Regarding teaching activities, we systematically sought and coded descriptions detailing the tools and materials used for instructing nursing students. The codes were interpreted with guidance from Nilson [14]. Skills, both those acquired and those not acquired, were coded with reference to the “achievement goals for graduation in bachelor’s degree nursing education” [9] and the “model core curriculum for nursing education in Japan” [10].
Quality Appraisal
The selected articles were independently evaluated by two reviewers (X1 and X2) before being included in this review to identify the advantages and disadvantages of on-campus training as a substitute for clinical practice.
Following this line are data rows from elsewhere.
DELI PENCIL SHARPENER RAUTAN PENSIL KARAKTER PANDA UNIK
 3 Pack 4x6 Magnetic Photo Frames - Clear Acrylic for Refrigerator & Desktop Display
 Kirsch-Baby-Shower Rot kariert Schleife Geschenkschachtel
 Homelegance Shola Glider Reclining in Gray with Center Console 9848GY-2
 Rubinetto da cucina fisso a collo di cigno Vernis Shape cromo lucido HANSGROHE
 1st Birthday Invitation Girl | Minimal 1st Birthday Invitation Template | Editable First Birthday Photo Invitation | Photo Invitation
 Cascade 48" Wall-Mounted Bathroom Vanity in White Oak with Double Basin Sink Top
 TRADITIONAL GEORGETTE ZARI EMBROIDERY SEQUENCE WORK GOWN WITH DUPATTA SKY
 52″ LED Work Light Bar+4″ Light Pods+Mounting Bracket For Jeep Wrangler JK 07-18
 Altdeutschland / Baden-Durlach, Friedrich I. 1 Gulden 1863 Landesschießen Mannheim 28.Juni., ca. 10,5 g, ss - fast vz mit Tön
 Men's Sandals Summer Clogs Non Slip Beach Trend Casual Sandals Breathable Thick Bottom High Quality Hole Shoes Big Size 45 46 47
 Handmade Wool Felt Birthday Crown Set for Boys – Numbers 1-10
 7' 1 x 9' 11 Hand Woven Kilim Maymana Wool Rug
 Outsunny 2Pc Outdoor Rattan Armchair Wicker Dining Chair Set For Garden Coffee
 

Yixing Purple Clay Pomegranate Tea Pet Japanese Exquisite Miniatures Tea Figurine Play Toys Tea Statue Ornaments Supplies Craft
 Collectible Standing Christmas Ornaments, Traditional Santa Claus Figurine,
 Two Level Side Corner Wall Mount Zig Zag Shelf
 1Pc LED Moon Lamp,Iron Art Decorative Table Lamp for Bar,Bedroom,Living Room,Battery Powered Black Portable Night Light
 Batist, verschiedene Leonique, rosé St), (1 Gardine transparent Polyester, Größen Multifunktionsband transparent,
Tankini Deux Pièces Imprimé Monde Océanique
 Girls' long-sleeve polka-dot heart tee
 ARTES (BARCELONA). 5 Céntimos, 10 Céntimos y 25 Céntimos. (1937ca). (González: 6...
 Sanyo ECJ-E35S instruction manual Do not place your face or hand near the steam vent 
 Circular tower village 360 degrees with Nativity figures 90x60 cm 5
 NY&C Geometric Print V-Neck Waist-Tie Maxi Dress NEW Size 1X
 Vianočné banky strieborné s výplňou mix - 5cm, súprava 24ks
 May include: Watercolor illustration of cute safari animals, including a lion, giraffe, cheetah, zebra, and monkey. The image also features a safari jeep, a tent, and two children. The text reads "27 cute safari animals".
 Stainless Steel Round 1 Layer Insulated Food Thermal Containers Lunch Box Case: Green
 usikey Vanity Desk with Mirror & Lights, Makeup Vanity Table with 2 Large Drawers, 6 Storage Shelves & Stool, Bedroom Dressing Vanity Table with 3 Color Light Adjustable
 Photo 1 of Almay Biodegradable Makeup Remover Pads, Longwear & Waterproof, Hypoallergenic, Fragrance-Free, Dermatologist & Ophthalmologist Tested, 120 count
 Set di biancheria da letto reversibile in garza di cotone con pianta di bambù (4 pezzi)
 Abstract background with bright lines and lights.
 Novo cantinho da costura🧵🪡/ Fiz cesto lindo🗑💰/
Discrepancies in review results were discussed by the reviewers to reach a consensus.
Results
Characteristics of the Selected Articles
Table 1 presents the 26 articles that were included in this review [15-40]. These articles were authored by Japanese researchers and published in university bulletins and not academic journals, except for one, which was published in the Council Journal [38].
Table 1. Main characteristics of the selected studies.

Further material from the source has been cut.